EXERCISE OBJECTIVE:
No pictures should appear in the copy; otherwise retype the entries exactly.

|---|

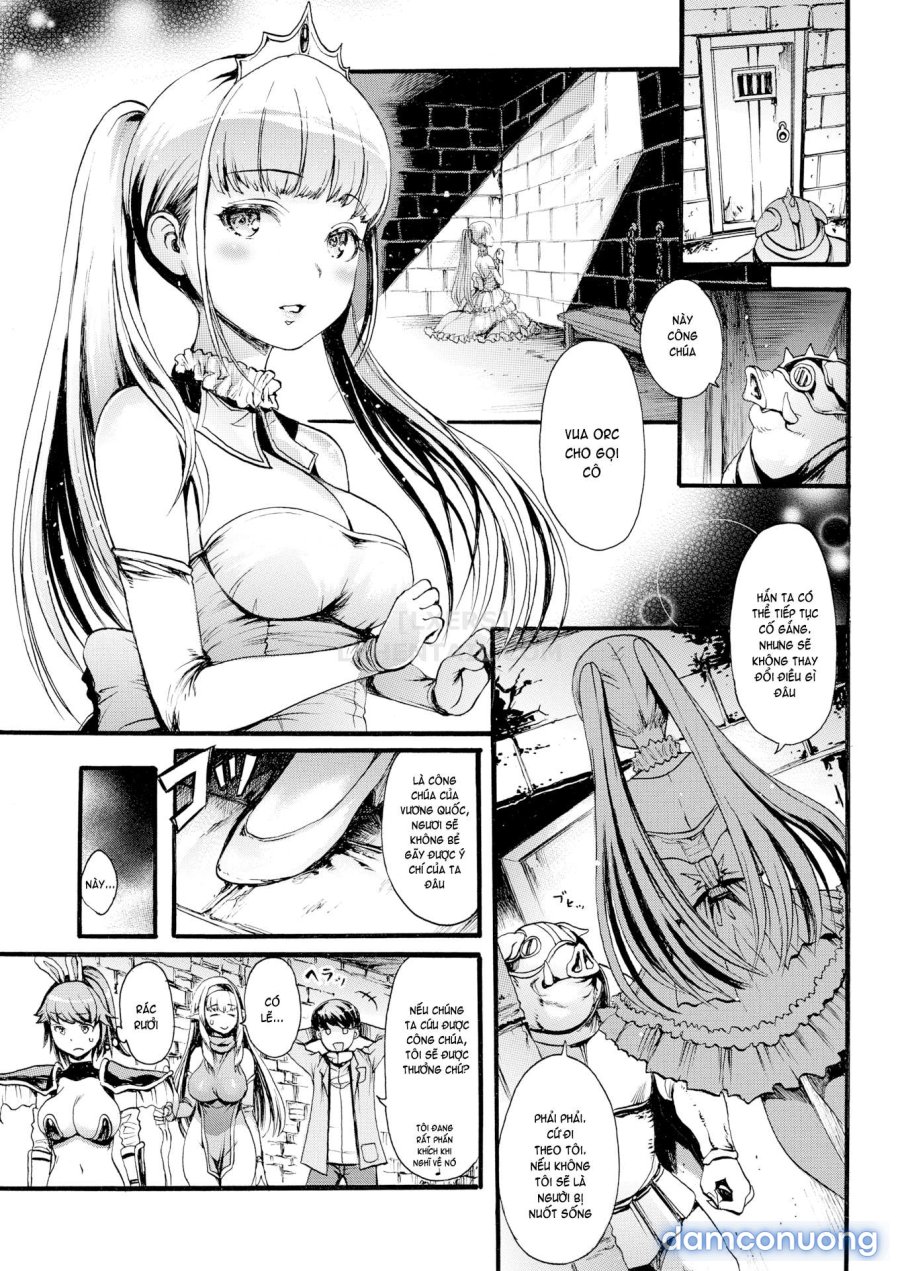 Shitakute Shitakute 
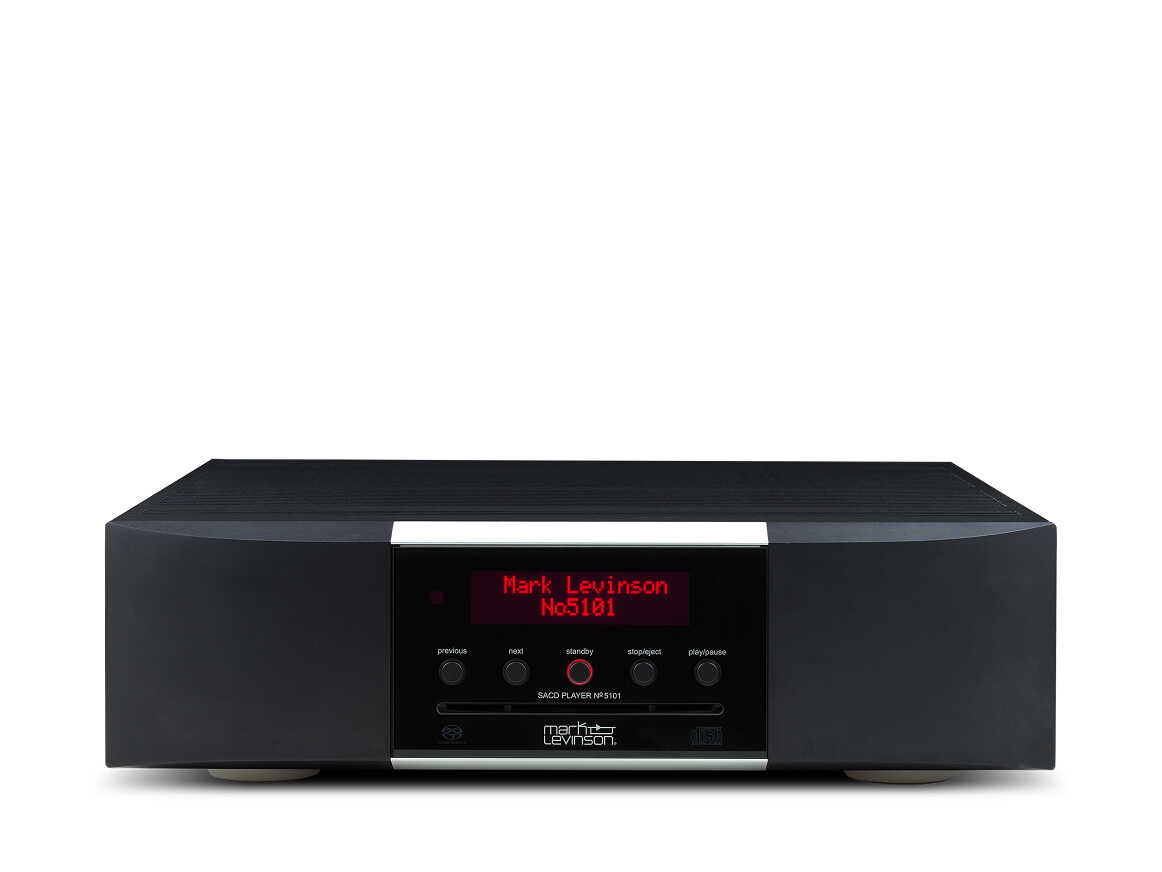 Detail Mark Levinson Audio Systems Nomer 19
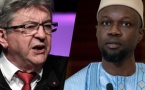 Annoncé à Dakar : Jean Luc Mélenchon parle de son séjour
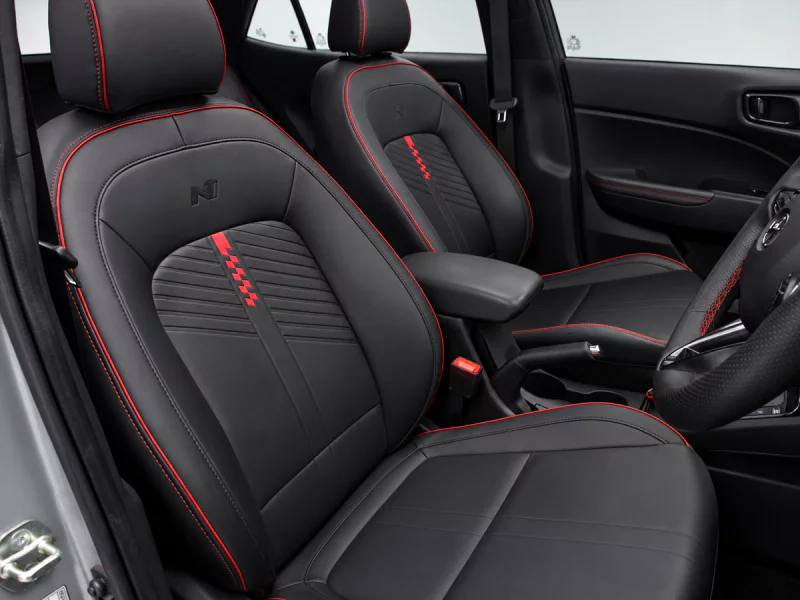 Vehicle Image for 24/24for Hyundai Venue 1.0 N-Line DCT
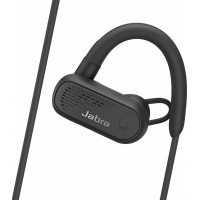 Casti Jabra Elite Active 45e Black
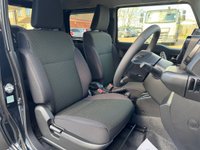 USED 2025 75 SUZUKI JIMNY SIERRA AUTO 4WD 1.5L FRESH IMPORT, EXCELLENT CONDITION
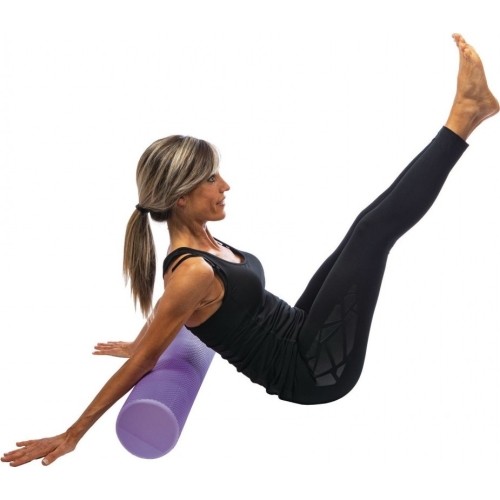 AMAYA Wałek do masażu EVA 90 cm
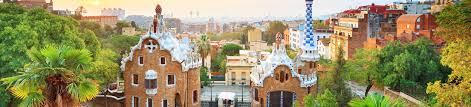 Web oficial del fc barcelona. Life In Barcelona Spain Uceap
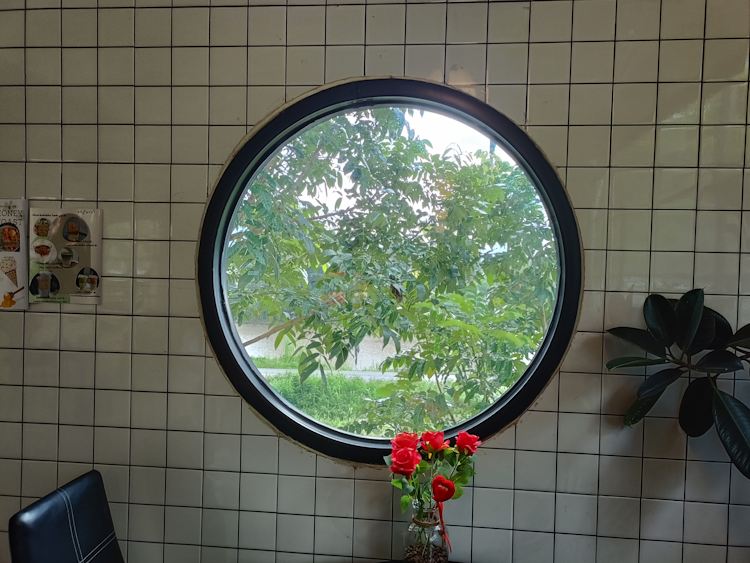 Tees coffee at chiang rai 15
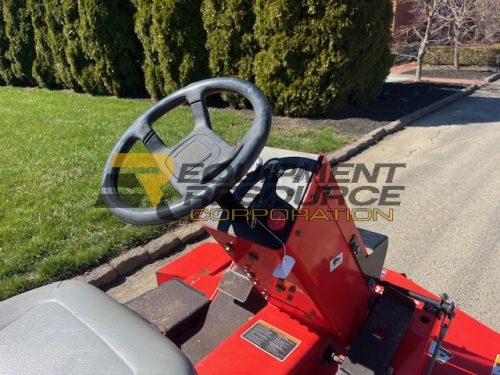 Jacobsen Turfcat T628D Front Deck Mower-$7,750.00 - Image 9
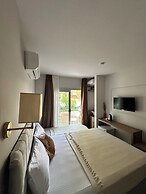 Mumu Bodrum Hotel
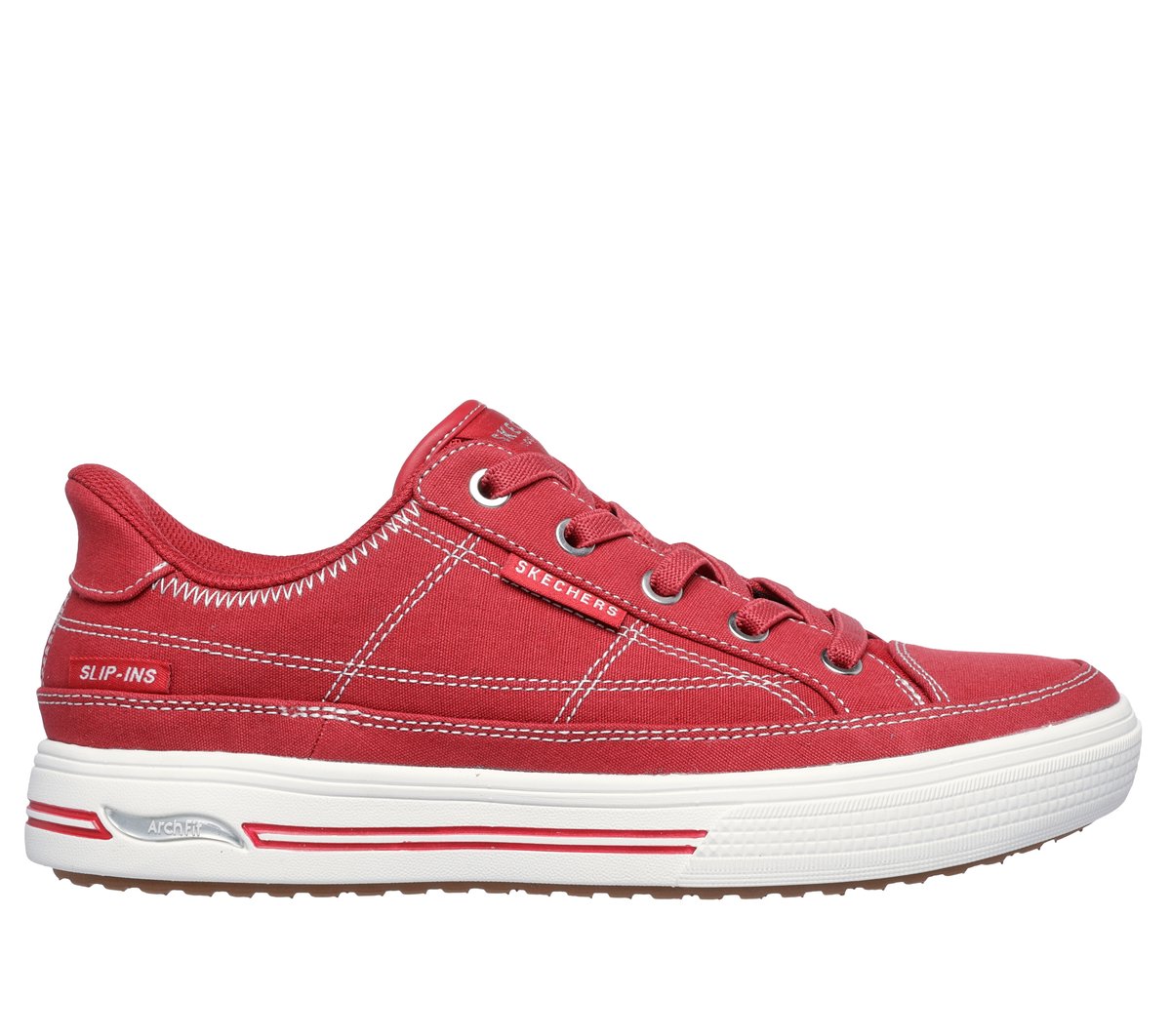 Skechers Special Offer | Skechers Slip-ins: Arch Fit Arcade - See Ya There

|---|

TASK ANSWER:
 Shitakute Shitakute 
 Detail Mark Levinson Audio Systems Nomer 19
 Annoncé à Dakar : Jean Luc Mélenchon parle de son séjour
 Vehicle Image for 24/24for Hyundai Venue 1.0 N-Line DCT
 Casti Jabra Elite Active 45e Black
 USED 2025 75 SUZUKI JIMNY SIERRA AUTO 4WD 1.5L FRESH IMPORT, EXCELLENT CONDITION
 AMAYA Wałek do masażu EVA 90 cm
 Web oficial del fc barcelona. Life In Barcelona Spain Uceap
 Tees coffee at chiang rai 15
 Jacobsen Turfcat T628D Front Deck Mower-$7,750.00 - Image 9
 Mumu Bodrum Hotel
 Skechers Special Offer | Skechers Slip-ins: Arch Fit Arcade - See Ya There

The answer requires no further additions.